Durant une bonne vingtaine d’années, le régime de Ben Ali et le Mouvement Ennahdha n’avaient de cesse de se rejeter mutuellement la responsabilité de l’affaire de Bab Souika survenue en 1991. Aujourd’hui, le voile en est levé à moitié.
Cheikh Abdelfattah Mourou est donc revenu, au début de ce mois sur la 1ère chaîne nationale, sur les événements du 17 février 1991 qui avaient coûté la vie à l’un des gardiens de la Cellule du RCD à Bab Souika, pour préciser que derrière cette tragédie, il y avait de jeunes gens appartenant au mouvement, non Ennahdha elle-même. A son tour, le SG du mouvement, M. Hamadi Jebali, avait, lors d’une conférence de presse tenue le 7 février 2011, déclaré qu’Ennahdha était en effet responsable de l’affaire Bab Souika, mais que c’étaient des jeunes ayant réagi de leur propre chef et en l’absence des chefs du mouvement, alors en prison ou en exil.
Une certitude, tout de même: l’intention, à l’époque, était bel et bien de dérober les listes portant l’identité de tous les partisans du mouvement en question, et, en cas d’échec, d’incendier carrément les locaux pour effacer jusqu’à la moindre trace.

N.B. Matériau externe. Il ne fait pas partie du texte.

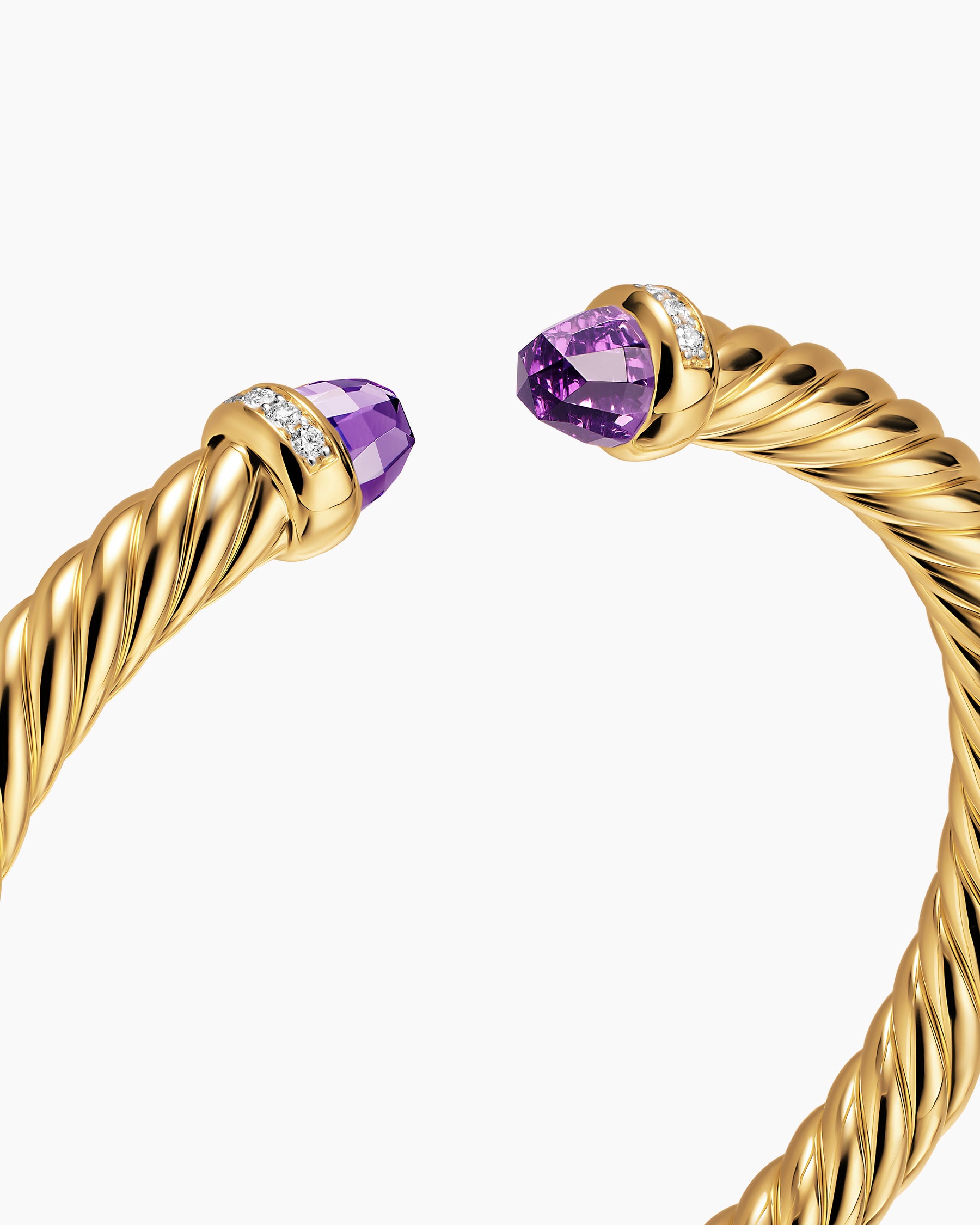 Cablespira Flex Bracelet in 18K Yellow Gold with Amethyst and Diamonds, 6mm - Image 5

Il était même envisagé de rééditer le même scénario dans certains postes de police et autres bureaux du RCD. Mais le doute semble entier quant à l’intention du tueur. La présence du premier gardien, Amara Soltani, aurait surpris les assaillants qui lui auraient, pour le neutraliser, lié mains et pieds; sauf qu’on l’aurait oublié ainsi ligoté après la propagation du feu dans tout l’établissement. Bilan: un mort, et un autre gardien qui s’en était sorti avec un visage défiguré et un handicap permanent. Nous apprenons également que la fille du disparu, Leila Soltani, aurait exigé la réouverture de l’enquête afin de délimiter les responsabilités des uns et des autres.

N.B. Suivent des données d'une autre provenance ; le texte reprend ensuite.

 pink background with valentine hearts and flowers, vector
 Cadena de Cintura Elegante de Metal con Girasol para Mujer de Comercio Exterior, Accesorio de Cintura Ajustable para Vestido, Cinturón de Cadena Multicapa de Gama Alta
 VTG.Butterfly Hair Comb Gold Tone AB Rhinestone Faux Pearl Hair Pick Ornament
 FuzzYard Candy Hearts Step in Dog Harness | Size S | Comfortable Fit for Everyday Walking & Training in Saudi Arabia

En fait, d’autres versions de la tragédie ont été données. Que, par exemple, la victime, tout en feu, aurait dévalé les escaliers en criant au secours; que la police et, surtout, la Protection civile n’étaient intervenues que deux heures après la déclaration du feu; que …, que … Mais les faits sont là: deux hommes brûlés vifs, dont un avait succombé à ses brûlures.

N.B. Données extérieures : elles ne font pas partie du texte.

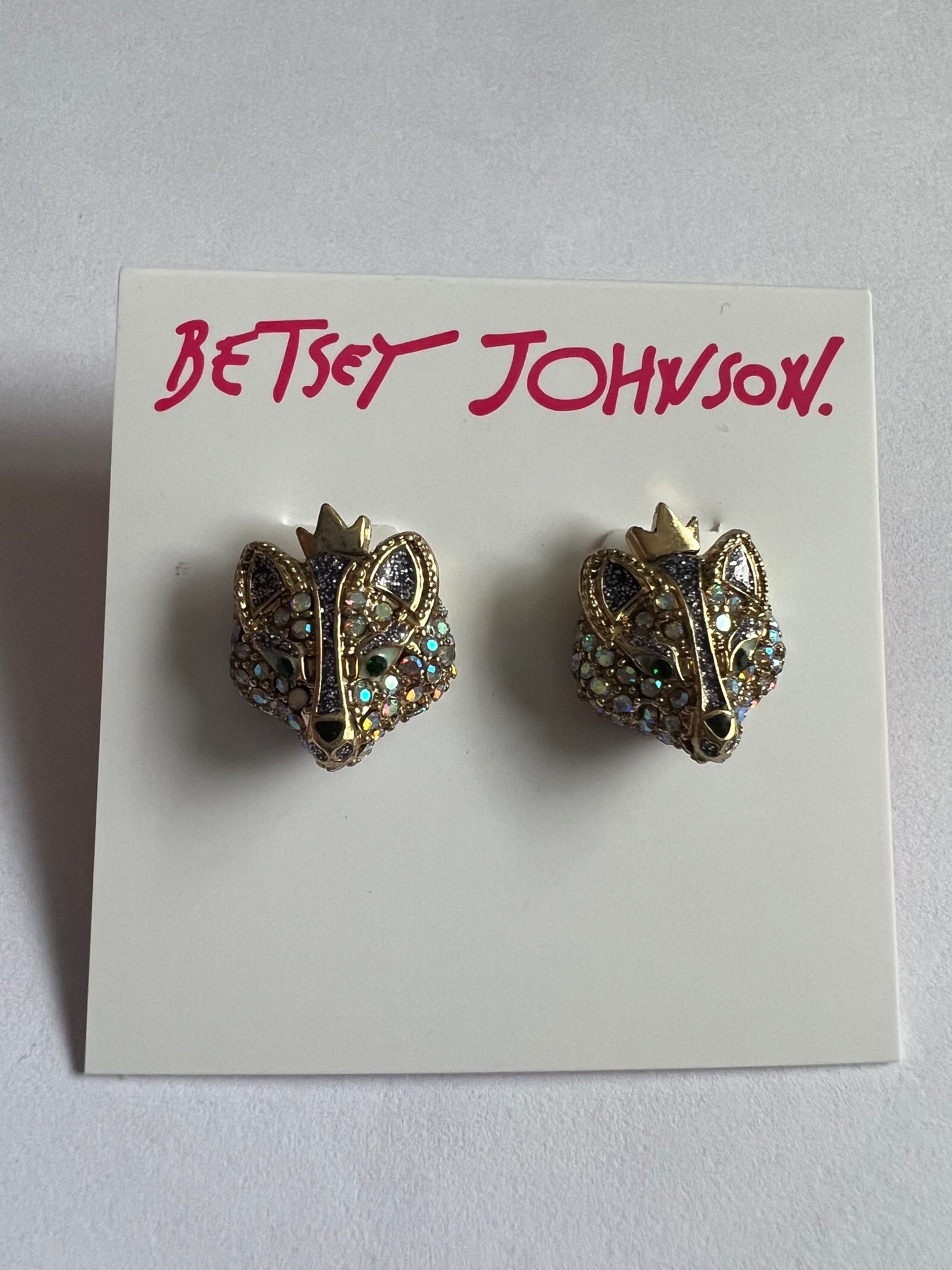 Betsey Johnson Faux Stone Bear Stud Earrings | Foxvalley Mall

Or, dans tout cela, il y a quelque chose qui sonne un peu faux. On pourrait, à la limite, comprendre que de «jeunes gens avaient réagi de leur propre chef», mais cela ne pourrait disculper le mouvement qui, lui, avait bel et bien l’intention de «retirer» les listes de ses partisans. Comment investir une Administration publique avec la volonté de dérober quelque document, sans encourir des risques? La logique veut plutôt que tout un plan ait été mis au point. Par qui?… Par de jeunes gens qui auraient pris, seuls, une telle initiative? Depuis quand un auxiliaire, un simple adepte en l’occurrence, prend des décisions à la place de ses chefs?
Si, comme le veut Leila Soltani, une deuxième enquête, en bonne et due forme, venait à être ouverte, on saurait certainement plus sur cette affaire qui reste malgré tout encore louche.